To do
When the line containing "TOUS Mini Onix" appears in the entries below, begin printing there and stop after the line containing "28 Bottle Dual"; print each of those lines exactly and no other line.

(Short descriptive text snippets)
• • • • • • •
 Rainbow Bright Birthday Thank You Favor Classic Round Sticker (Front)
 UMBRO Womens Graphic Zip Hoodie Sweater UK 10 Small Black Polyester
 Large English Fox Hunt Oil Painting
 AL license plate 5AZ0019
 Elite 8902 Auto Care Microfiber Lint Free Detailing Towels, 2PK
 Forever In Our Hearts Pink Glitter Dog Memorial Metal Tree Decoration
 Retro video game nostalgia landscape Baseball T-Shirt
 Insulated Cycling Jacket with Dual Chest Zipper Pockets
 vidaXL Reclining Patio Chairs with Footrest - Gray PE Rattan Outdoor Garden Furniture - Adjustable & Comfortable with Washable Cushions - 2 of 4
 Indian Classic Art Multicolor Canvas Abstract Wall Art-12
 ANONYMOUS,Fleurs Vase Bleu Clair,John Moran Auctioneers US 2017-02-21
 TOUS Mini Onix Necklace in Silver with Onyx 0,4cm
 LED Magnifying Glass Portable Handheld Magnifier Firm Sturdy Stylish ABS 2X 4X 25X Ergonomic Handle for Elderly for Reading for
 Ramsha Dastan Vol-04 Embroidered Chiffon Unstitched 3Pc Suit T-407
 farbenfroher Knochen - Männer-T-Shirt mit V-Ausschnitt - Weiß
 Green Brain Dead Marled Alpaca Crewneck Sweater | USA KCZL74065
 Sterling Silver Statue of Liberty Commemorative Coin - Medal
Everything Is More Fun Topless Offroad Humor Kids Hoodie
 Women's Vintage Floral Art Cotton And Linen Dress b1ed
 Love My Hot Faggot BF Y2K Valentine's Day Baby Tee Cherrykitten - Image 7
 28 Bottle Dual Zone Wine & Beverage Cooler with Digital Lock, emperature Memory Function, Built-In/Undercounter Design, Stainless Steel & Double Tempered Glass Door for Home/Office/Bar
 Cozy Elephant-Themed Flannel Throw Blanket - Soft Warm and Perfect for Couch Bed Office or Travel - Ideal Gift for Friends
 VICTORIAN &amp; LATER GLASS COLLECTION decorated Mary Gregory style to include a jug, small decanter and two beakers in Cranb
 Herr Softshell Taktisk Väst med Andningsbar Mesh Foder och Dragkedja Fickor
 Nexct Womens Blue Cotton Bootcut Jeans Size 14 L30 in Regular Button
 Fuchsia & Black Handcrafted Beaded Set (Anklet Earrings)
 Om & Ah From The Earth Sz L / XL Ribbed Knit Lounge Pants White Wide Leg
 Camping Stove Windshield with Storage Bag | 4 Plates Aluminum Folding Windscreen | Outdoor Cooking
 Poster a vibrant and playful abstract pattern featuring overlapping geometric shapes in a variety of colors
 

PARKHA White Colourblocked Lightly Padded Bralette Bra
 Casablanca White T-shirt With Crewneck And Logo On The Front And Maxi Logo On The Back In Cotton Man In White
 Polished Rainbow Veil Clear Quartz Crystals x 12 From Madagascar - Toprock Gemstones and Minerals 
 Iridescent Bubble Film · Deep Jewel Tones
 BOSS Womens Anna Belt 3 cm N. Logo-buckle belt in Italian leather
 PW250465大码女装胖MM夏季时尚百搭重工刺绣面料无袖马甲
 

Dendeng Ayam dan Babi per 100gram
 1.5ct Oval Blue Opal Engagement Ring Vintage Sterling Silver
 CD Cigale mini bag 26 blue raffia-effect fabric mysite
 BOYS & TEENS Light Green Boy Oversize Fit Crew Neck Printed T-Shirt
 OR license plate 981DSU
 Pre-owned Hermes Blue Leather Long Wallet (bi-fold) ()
• • • • • • •
Result for this task
 TOUS Mini Onix Necklace in Silver with Onyx 0,4cm
 LED Magnifying Glass Portable Handheld Magnifier Firm Sturdy Stylish ABS 2X 4X 25X Ergonomic Handle for Elderly for Reading for
 Ramsha Dastan Vol-04 Embroidered Chiffon Unstitched 3Pc Suit T-407
 farbenfroher Knochen - Männer-T-Shirt mit V-Ausschnitt - Weiß
 Green Brain Dead Marled Alpaca Crewneck Sweater | USA KCZL74065
 Sterling Silver Statue of Liberty Commemorative Coin - Medal
Everything Is More Fun Topless Offroad Humor Kids Hoodie
 Women's Vintage Floral Art Cotton And Linen Dress b1ed
 Love My Hot Faggot BF Y2K Valentine's Day Baby Tee Cherrykitten - Image 7
 28 Bottle Dual Zone Wine & Beverage Cooler with Digital Lock, emperature Memory Function, Built-In/Undercounter Design, Stainless Steel & Double Tempered Glass Door for Home/Office/Bar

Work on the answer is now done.